The Rise of Cool-Girl Cancer TV - OZY | A Modern Media Company

The Rise of Cool-Girl Cancer TV

The Rise of Cool-Girl Cancer TV

By Zara Stone



Because having cancer and getting your makeup right can sometimes be equally important in a teen’s life. 

By Zara Stone

Teens Alexa and Katie are nervous about their first day of high school. Will they be stylish enough? Will the guys be cute? And, oh, yeah, will Alexa be able to handle high school and chemo? With an aesthetic that combines That’s So Raven with Gossip Girl, Alexa & Katie, a laugh-track-backed Netflix comedy (released in 2018), addresses a problem that many school-age kids deal with — while emphasizing that cancer is what happens to people, but people aren’t their cancer.

As a rule, TV shows have never shied away from cancer — just look at Walt in Breaking Bad — but they rarely show the teen side of life in a way where the disease isn’t center stage. A number of recent shows challenge that stereotype. In Life Sentence, released on the CW in 2018, Pretty Little Liars star Lucy Hale finds out her terminal cancer is cured, and she now has to deal with a life put on hold. Then there’s Chasing Life, a two-season (2014-15) ABC comedy where a writer on the verge has to juggle cancer, her career and looking stylish. These might seem like shallow problems when the big picture is about death, but that’s precisely why shows like these are so valuable. Remember being a teen? Everything felt like life and death — and just because that’s real for some kids doesn’t make their hormonal existence any easier. 

I love that these shows demonstrate how you can have cancer and still care about dating and getting your makeup right.

Sarah Miller, 24, currently in remission for Hodgkin’s lymphoma

“This storytelling approach in TV shows reflects the lessening of the stigmas around having cancer and the more open dialogue that we’ve been experiencing lately culturally,” says pop culture writer Katherine Brodsky. “The key difference is that they are not victims, but rather survivors who are strong, funny, complicated and sometimes even cool.” 


Sarah Miller, a 24-year-old currently in remission for Hodgkin’s lymphoma, appreciates the new programming — and lack of sappy music. “I love that these shows demonstrate how you can have cancer and still care about dating and getting your makeup right,” she says. Miller’s cancer has an 86 percent survival rate, and she notes that people with other cancers might feel differently. “For me, [Alexa & Katie] was like watching a regular teen-style TV show … except that the main character had cancer. And she doesn’t look or act sick most of the time, which was really normalizing for me.” Alexa & Katie series creator Heather Wordham told IndieWire that she purposefully picked a very survivable cancer to use for her Emmy-nominated show — and had Alexa run around like a normal teenage girl so that a younger audience would be more engaged.

Alexa and Katie still

Alexa and Katie are typical teens where everything feels like a drama.

Source Netflix

But Rethink Breast Cancer blogger Emily Piercell isn’t so sure.
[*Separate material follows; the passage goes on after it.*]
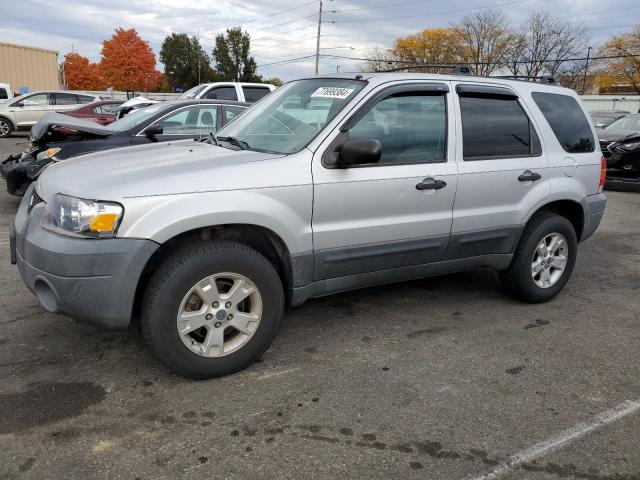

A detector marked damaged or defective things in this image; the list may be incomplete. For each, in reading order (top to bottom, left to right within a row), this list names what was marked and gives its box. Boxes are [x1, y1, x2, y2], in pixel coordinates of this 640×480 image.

Diagnosed with cancer at 27 years old, she’s struggled with isolation, and feels TV shows could do more to highlight the disease’s intricacies. “Cancer story lines are a good start to normalizing cancer, but they must be done right,” she says, noting that in Alexa & Katie you don’t learn the type of cancer Alexa has (leukemia) until the second episode, and chemo’s side effects are minimized. “Viewers won’t truly understand the struggles that come with cancer if you put a Band-Aid over the symptoms or use the improper language,” she says — and she sees no reason why including those details would affect the show’s popularity.

Problems notwithstanding, the plethora of cool cancer shows have found an audience. The second season of Alexa & Katie dropped on Netflix in December, with rumors of a third in the works. These shows sure aren’t perfect, but the investment into creating more episodes — and story lines — indicates that network involvement is about more than ticking the diversity programming card, and responding to the actual needs of their tween and teen audience.